Materials provided —
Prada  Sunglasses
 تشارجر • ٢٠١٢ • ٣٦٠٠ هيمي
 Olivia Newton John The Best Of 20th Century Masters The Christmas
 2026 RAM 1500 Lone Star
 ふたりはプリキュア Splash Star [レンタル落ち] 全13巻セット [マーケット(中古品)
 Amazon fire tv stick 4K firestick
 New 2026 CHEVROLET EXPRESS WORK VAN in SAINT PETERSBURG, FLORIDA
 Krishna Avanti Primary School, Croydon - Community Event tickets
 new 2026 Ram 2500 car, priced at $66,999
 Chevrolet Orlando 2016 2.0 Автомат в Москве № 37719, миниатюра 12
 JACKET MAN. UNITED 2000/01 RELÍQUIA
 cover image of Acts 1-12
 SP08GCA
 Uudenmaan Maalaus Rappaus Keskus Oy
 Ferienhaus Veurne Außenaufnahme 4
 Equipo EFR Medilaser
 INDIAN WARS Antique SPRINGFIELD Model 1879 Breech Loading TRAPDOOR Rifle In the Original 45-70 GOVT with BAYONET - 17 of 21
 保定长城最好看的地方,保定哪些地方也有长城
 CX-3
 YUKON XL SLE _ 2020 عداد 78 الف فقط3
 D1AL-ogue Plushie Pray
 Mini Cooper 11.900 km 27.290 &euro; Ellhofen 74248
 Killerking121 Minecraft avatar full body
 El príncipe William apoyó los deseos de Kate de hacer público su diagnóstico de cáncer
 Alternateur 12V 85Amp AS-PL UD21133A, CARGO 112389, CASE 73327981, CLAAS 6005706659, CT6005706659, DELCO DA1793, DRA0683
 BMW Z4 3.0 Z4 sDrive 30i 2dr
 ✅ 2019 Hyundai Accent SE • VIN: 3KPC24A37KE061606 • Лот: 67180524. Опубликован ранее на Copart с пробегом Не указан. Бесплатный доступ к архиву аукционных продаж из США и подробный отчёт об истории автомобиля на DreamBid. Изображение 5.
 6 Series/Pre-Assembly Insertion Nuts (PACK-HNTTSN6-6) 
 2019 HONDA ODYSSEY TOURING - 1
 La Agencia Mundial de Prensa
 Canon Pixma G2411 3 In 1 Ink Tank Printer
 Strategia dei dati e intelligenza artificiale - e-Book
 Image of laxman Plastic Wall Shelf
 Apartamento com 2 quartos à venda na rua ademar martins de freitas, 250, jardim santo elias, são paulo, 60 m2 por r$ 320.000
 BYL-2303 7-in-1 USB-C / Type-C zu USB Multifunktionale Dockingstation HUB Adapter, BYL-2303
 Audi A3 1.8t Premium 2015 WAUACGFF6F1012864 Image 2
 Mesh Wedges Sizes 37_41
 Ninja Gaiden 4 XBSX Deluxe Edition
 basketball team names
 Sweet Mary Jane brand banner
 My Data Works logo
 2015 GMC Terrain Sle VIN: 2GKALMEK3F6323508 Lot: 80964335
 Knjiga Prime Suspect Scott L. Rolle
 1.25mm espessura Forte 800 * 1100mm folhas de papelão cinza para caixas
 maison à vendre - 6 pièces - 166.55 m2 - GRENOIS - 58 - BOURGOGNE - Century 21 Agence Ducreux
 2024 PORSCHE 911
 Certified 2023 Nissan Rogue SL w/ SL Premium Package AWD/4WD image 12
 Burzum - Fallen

Problem to solve — Of the lines above, output exactly those from the line bearing "YUKON XL SLE _ 2020 عداد 78 الف فقط3" through the line bearing "DreamBid. Изображение 5.", inclusive.

Result of this task —
 YUKON XL SLE _ 2020 عداد 78 الف فقط3
 D1AL-ogue Plushie Pray
 Mini Cooper 11.900 km 27.290 &euro; Ellhofen 74248
 Killerking121 Minecraft avatar full body
 El príncipe William apoyó los deseos de Kate de hacer público su diagnóstico de cáncer
 Alternateur 12V 85Amp AS-PL UD21133A, CARGO 112389, CASE 73327981, CLAAS 6005706659, CT6005706659, DELCO DA1793, DRA0683
 BMW Z4 3.0 Z4 sDrive 30i 2dr
 ✅ 2019 Hyundai Accent SE • VIN: 3KPC24A37KE061606 • Лот: 67180524. Опубликован ранее на Copart с пробегом Не указан. Бесплатный доступ к архиву аукционных продаж из США и подробный отчёт об истории автомобиля на DreamBid. Изображение 5.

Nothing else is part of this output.